### Prompt
It would help if you retyped the data exactly, leaving out the pictures.

---------- Dataset entries ----------

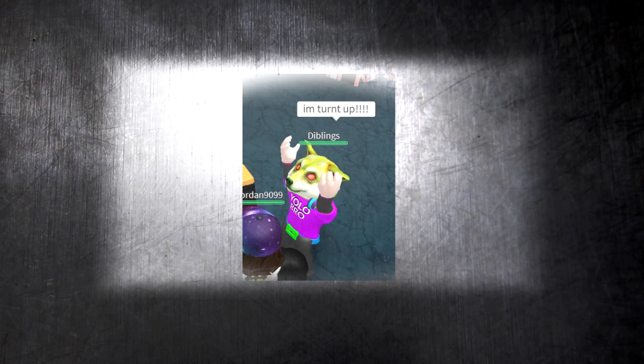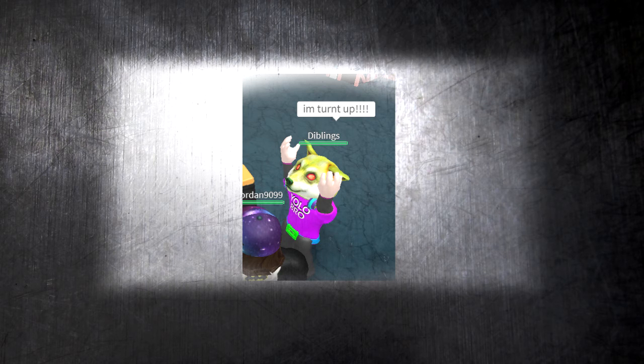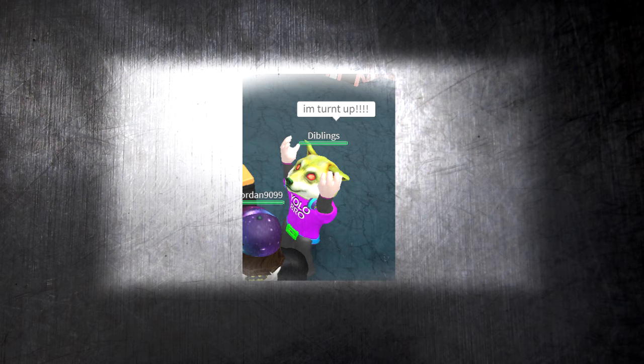I think that about wraps it up for tonight's broadcast. I think, hey, I said no more photos. Take it down. I want it down.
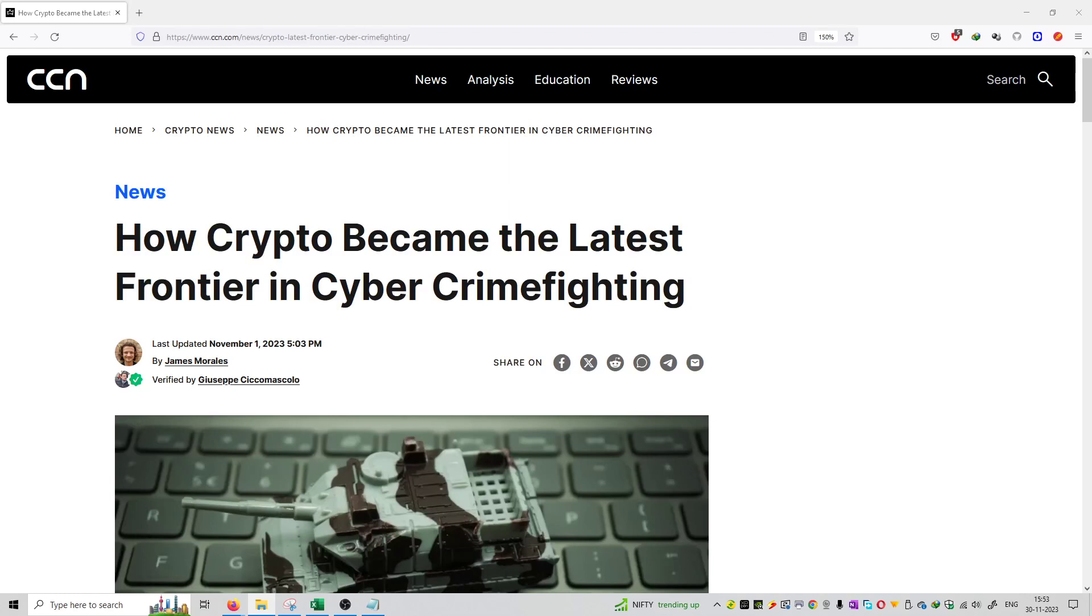So friends, welcome to the series of CCN.com and Crypto News. Today's topic is how crypto became the latest frontier in cyber crime fighting. You can see this is an article published by CCN.com by James Morales.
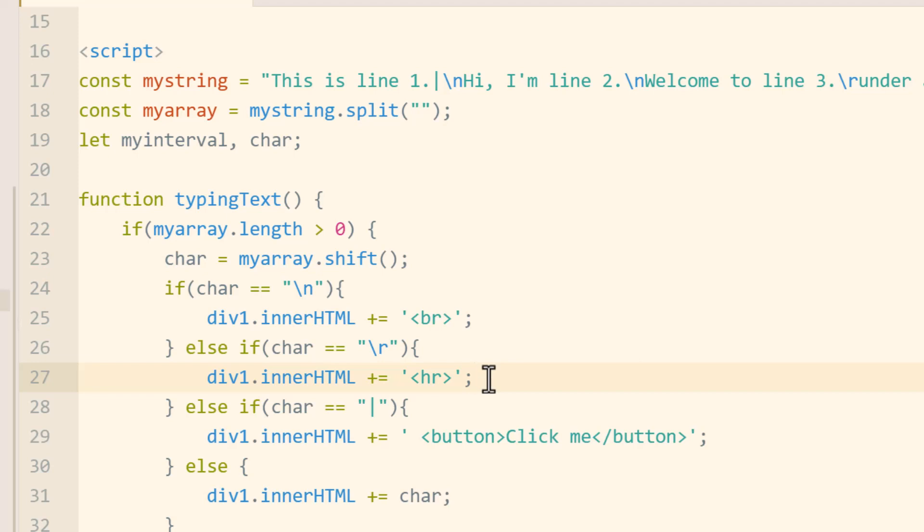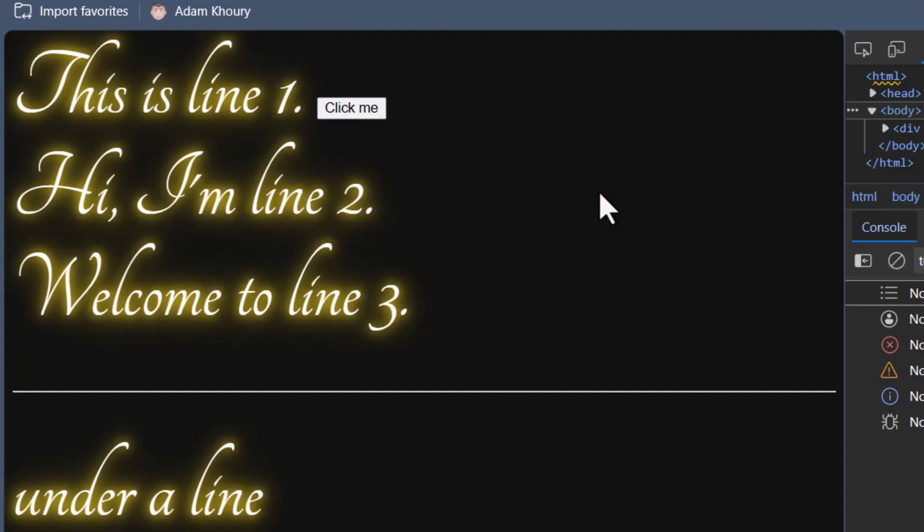So that should give you a good start into how to get typing text animations going with rich content — line breaks, horizontal rules, whatever you want in there. I'll talk to you guys soon. Love you. Bye.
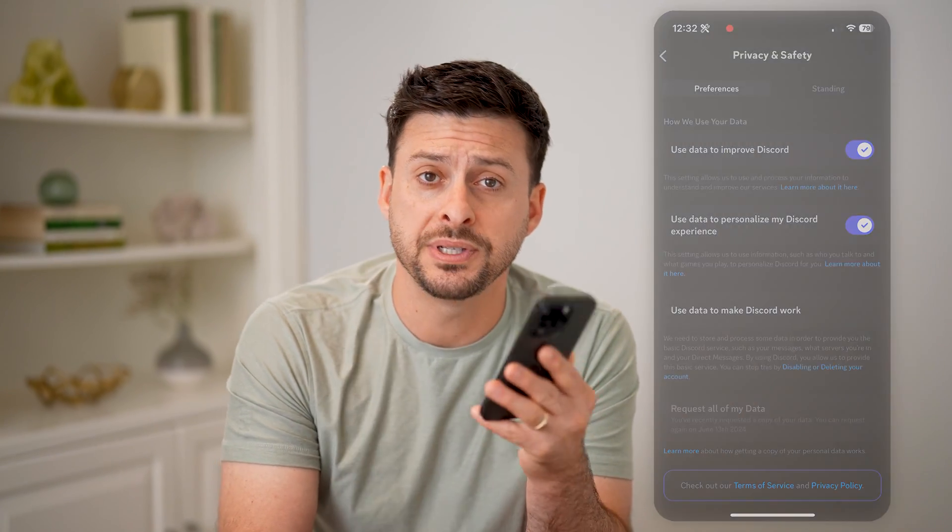I hope this helps. If it did, hit the subscribe button down below — it really helps me out. I'll catch you on the next one.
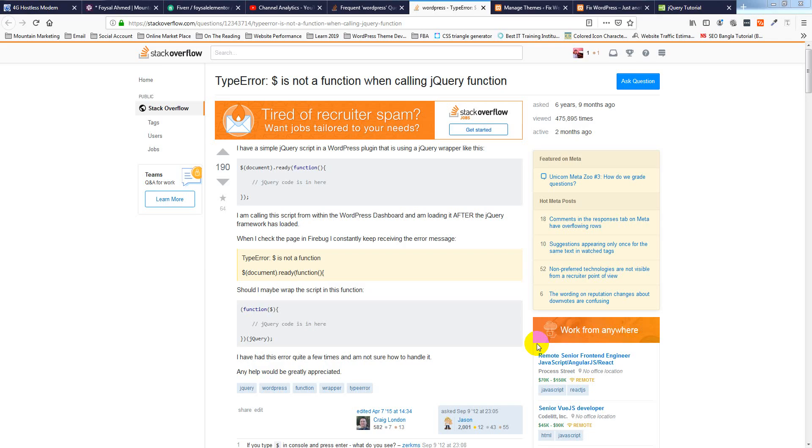Hello, welcome. In this video, I'll discuss the TypeError: dollar sign is not a function when calling jQuery functions. This is a very hot topic on Stack Overflow that I've seen, so I wanted to create a video about it.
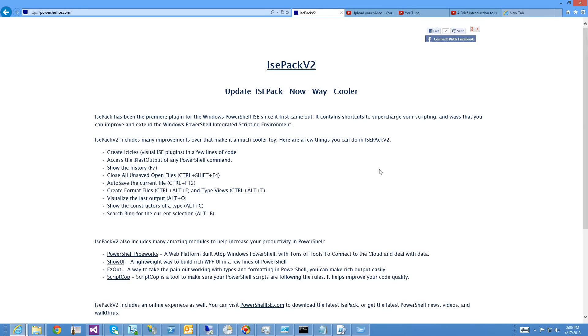Hi, I'm James Burnage from Start Automating, and today I'm going to talk about how you can write an IcePack V2 Icicle.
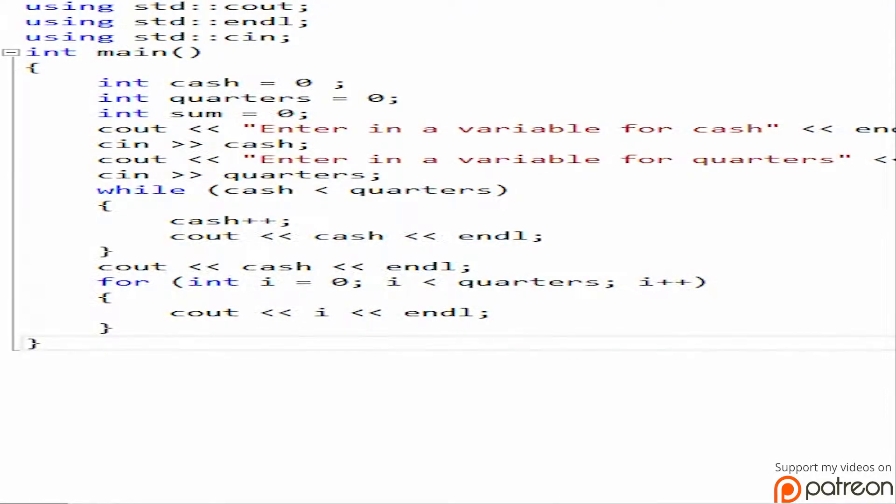Welcome back to Beginning C++. Today we are going to be talking about doing some problem solving with C++.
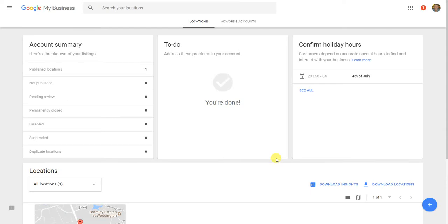Hey, this is Gary from 3Bug Media, and today I'm going to show you how to get support for your Google My Business listing. Some people can find this, but it can be a little bit tricky to try to actually talk to somebody from Google when it comes to your Google My Business listing.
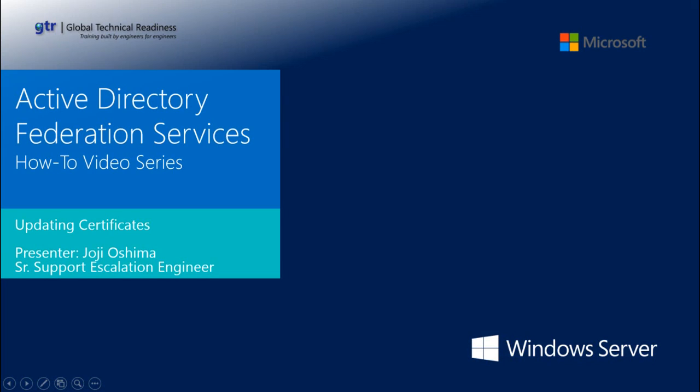Active Directory Federation Services How-To Video Series: Updating Certificates. My name is Joe Gioshima, Senior Support Escalation Engineer on the Windows Identity Team.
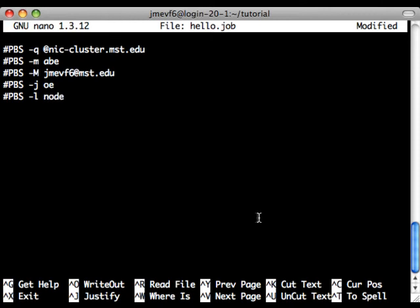We'll select the number of nodes we want it to run on, in this case four. And we'll select the amount of time we want it to run. This is a little hello world job, so we don't want it to run for more than five minutes.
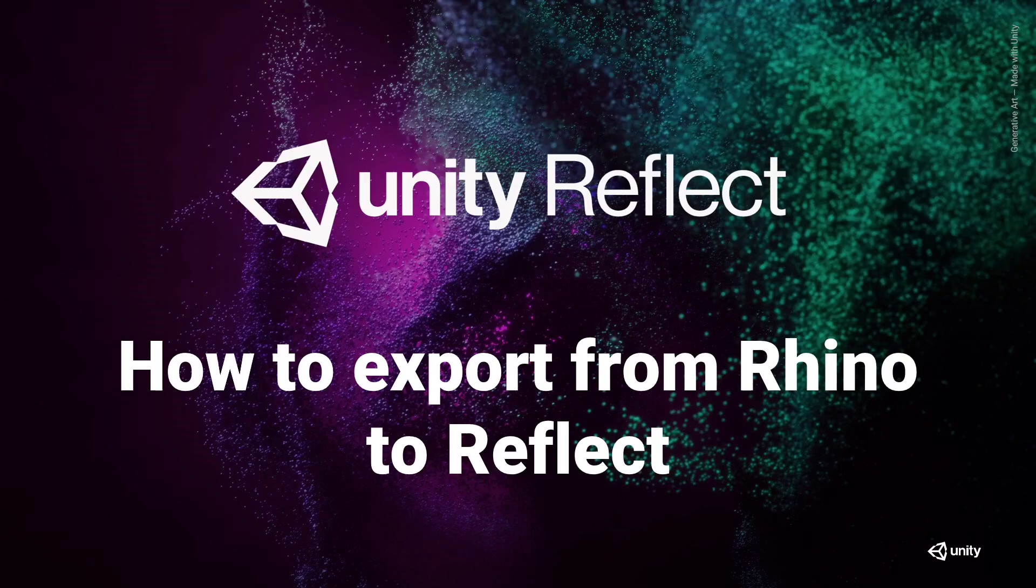Hi and welcome to Unity Reflect, how to export from Rhino to Reflect. We already covered how to install the Unity Reflect plugin. Now let's see what it looks like inside of Rhino.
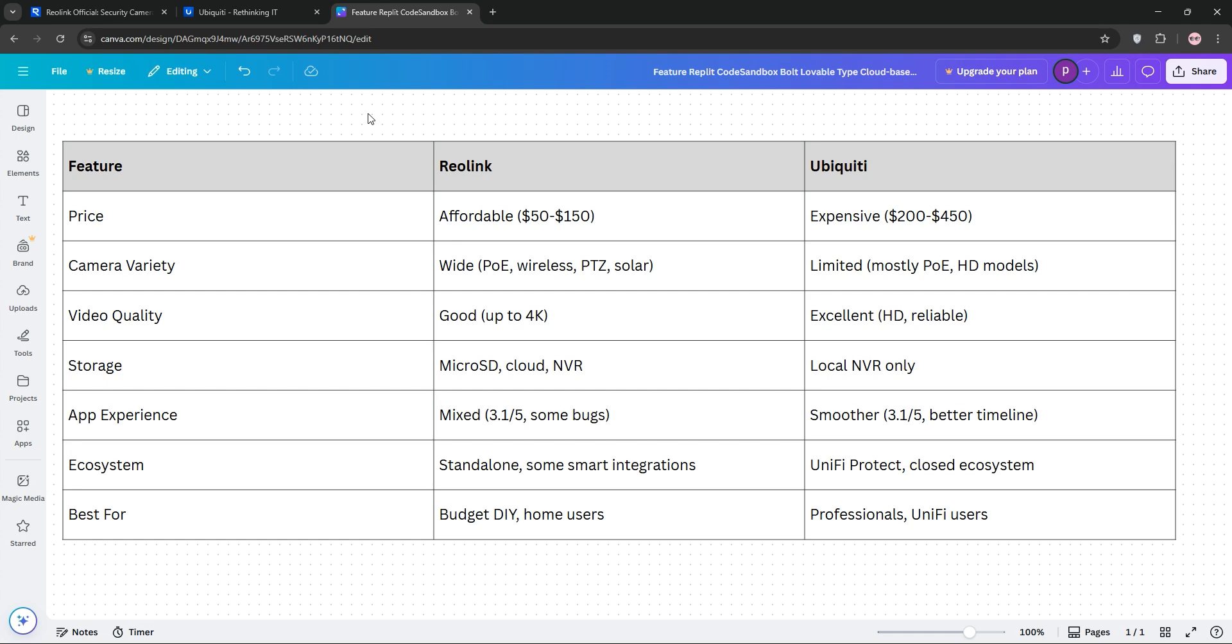Here's a quick comparison chart. Reolink is best for budget-conscious homeowners needing flexible options. Ubiquiti is the go-to for professionals or UniFi users wanting top-tier reliability.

----------

### Completed task
I think that about wraps it up for tonight's broadcast. I think, hey, I said no more photos. Take it down. I want it down.
So friends, welcome to the series of CCN.com and Crypto News. Today's topic is how crypto became the latest frontier in cyber crime fighting. You can see this is an article published by CCN.com by James Morales.
So that should give you a good start into how to get typing text animations going with rich content — line breaks, horizontal rules, whatever you want in there. I'll talk to you guys soon. Love you. Bye.
I hope this helps. If it did, hit the subscribe button down below — it really helps me out. I'll catch you on the next one.
Hello, welcome. In this video, I'll discuss the TypeError: dollar sign is not a function when calling jQuery functions. This is a very hot topic on Stack Overflow that I've seen, so I wanted to create a video about it.
Hi, I'm James Burnage from Start Automating, and today I'm going to talk about how you can write an IcePack V2 Icicle.
Welcome back to Beginning C++. Today we are going to be talking about doing some problem solving with C++.
Hey, this is Gary from 3Bug Media, and today I'm going to show you how to get support for your Google My Business listing. Some people can find this, but it can be a little bit tricky to try to actually talk to somebody from Google when it comes to your Google My Business listing.
Active Directory Federation Services How-To Video Series: Updating Certificates. My name is Joe Gioshima, Senior Support Escalation Engineer on the Windows Identity Team.
We'll select the number of nodes we want it to run on, in this case four. And we'll select the amount of time we want it to run. This is a little hello world job, so we don't want it to run for more than five minutes.
Hi and welcome to Unity Reflect, how to export from Rhino to Reflect. We already covered how to install the Unity Reflect plugin. Now let's see what it looks like inside of Rhino.
Here's a quick comparison chart. Reolink is best for budget-conscious homeowners needing flexible options. Ubiquiti is the go-to for professionals or UniFi users wanting top-tier reliability.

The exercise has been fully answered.